16 Sep 2019
South Africa is working on the implementation of the world’s largest green-energy financing plan, Bloomberg reports.
Meridian Economics, a Cape Town-based think tank, is responsible for the plan – which is now being contemplated upon by the government.
The initiative would consist of an $11 billion facility backed by development finance institutions and private funders and would lend money to Eskom for lower than commercial rates, if Eskom hurries the process of embracing renewable energy and closes coal plants hazardous to the environment.
A further 10 gigawatts of renewable-energy production would be added over the course of a decade, which would enable South Africa to reduce its potential carbon dioxide emissions by 715 million metric tons by the year of 2050.
If implemented, it would form part of South Africa’s efforts directed towards reducing its environmental footprint. Currently, the government is working hard to stick to a commitment made in 2009, when it pledged to decrease emissions by 42% by 2025.

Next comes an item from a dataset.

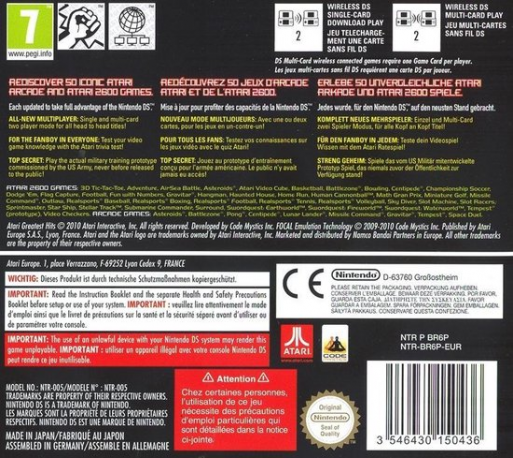 Atari Greatest Hits - Volume 1 — box-2D-back (GR)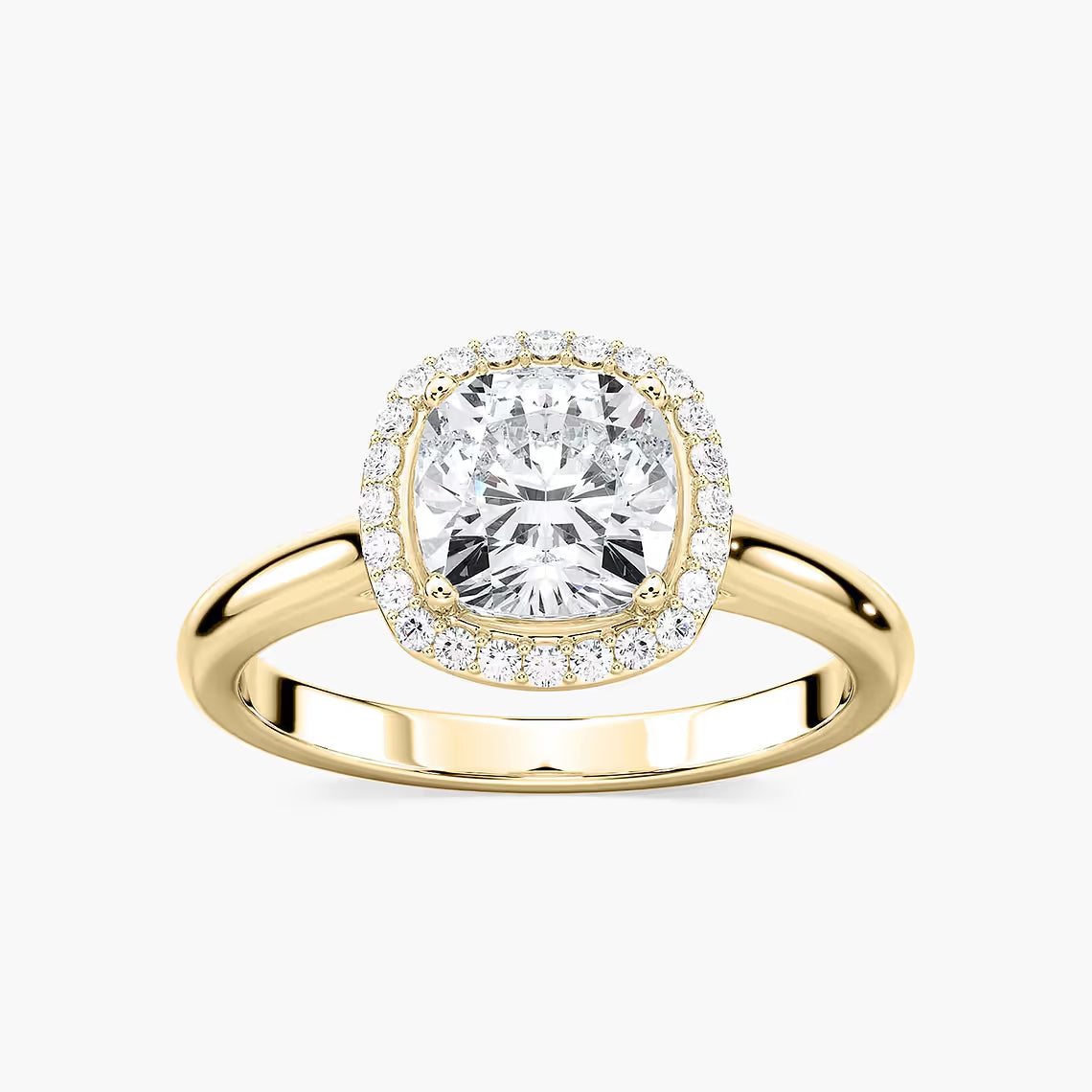 Ava 7 ¼ ctw Cushion Lab Grown Diamond Stackable Halo Engagement Ring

When speaking at an interview, Emily Tyler, a climate economist at Meridian, said: “This would be the largest and most significant global climate finance transaction to date. It would propel South Africa to a cleaner and more resilient energy future.”

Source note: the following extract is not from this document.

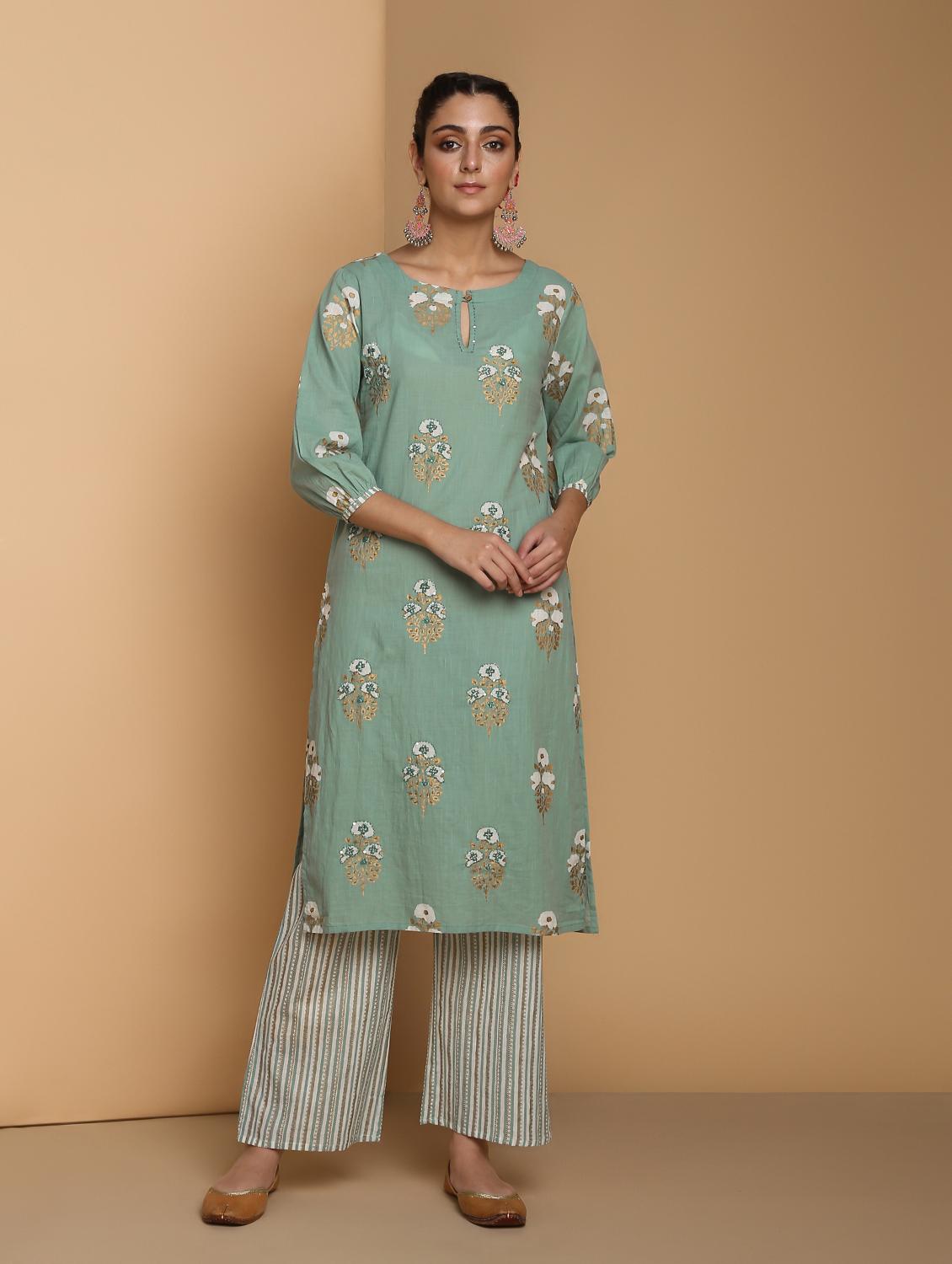 gold printed kurta with palazzo set - 16483199 - Zoom Image - 2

Eskom is responsible for supplying an average 95% of South Africa’s power and following its build-up of 450 billion rand of debt, it has requested help from the government. The new plan would allow it to loan money over the course of five years and repay them over 20, as well as create new jobs and encourage development.
Tyler also revealed that several large development finance institutions, climate funds and philanthropic organizations have shown to be interested in contributing to the initiative. However, the plan is still in its early stages and will require more time to be finalised.